[Records excerpted from a collection]
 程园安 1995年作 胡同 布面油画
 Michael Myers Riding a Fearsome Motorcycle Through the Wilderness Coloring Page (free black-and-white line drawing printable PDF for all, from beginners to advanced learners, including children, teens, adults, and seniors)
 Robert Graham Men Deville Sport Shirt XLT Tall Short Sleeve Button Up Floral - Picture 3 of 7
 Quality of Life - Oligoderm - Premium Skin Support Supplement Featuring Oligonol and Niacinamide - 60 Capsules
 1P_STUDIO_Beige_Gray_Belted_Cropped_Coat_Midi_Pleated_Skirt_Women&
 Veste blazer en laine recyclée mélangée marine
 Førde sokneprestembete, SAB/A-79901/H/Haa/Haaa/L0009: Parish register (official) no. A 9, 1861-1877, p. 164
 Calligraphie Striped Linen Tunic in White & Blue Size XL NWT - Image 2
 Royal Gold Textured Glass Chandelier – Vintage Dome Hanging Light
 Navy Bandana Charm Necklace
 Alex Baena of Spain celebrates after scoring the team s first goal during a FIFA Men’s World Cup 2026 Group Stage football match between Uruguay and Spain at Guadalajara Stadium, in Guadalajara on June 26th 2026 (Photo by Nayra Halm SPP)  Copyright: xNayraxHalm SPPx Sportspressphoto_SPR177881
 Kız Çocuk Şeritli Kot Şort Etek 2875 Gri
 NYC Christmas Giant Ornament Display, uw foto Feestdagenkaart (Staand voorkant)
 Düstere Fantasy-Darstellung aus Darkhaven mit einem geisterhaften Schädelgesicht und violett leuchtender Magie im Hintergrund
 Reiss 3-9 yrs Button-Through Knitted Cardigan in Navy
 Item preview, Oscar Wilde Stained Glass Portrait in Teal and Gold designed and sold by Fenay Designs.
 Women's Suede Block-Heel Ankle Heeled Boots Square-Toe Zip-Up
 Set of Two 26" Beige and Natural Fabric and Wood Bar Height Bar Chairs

■ **How to complete this task**
All of the data is to be written out again, word for word.

■ **Task response**
 程园安 1995年作 胡同 布面油画
 Michael Myers Riding a Fearsome Motorcycle Through the Wilderness Coloring Page (free black-and-white line drawing printable PDF for all, from beginners to advanced learners, including children, teens, adults, and seniors)
 Robert Graham Men Deville Sport Shirt XLT Tall Short Sleeve Button Up Floral - Picture 3 of 7
 Quality of Life - Oligoderm - Premium Skin Support Supplement Featuring Oligonol and Niacinamide - 60 Capsules
 1P_STUDIO_Beige_Gray_Belted_Cropped_Coat_Midi_Pleated_Skirt_Women&
 Veste blazer en laine recyclée mélangée marine
 Førde sokneprestembete, SAB/A-79901/H/Haa/Haaa/L0009: Parish register (official) no. A 9, 1861-1877, p. 164
 Calligraphie Striped Linen Tunic in White & Blue Size XL NWT - Image 2
 Royal Gold Textured Glass Chandelier – Vintage Dome Hanging Light
 Navy Bandana Charm Necklace
 Alex Baena of Spain celebrates after scoring the team s first goal during a FIFA Men’s World Cup 2026 Group Stage football match between Uruguay and Spain at Guadalajara Stadium, in Guadalajara on June 26th 2026 (Photo by Nayra Halm SPP)  Copyright: xNayraxHalm SPPx Sportspressphoto_SPR177881
 Kız Çocuk Şeritli Kot Şort Etek 2875 Gri
 NYC Christmas Giant Ornament Display, uw foto Feestdagenkaart (Staand voorkant)
 Düstere Fantasy-Darstellung aus Darkhaven mit einem geisterhaften Schädelgesicht und violett leuchtender Magie im Hintergrund
 Reiss 3-9 yrs Button-Through Knitted Cardigan in Navy
 Item preview, Oscar Wilde Stained Glass Portrait in Teal and Gold designed and sold by Fenay Designs.
 Women's Suede Block-Heel Ankle Heeled Boots Square-Toe Zip-Up
 Set of Two 26" Beige and Natural Fabric and Wood Bar Height Bar Chairs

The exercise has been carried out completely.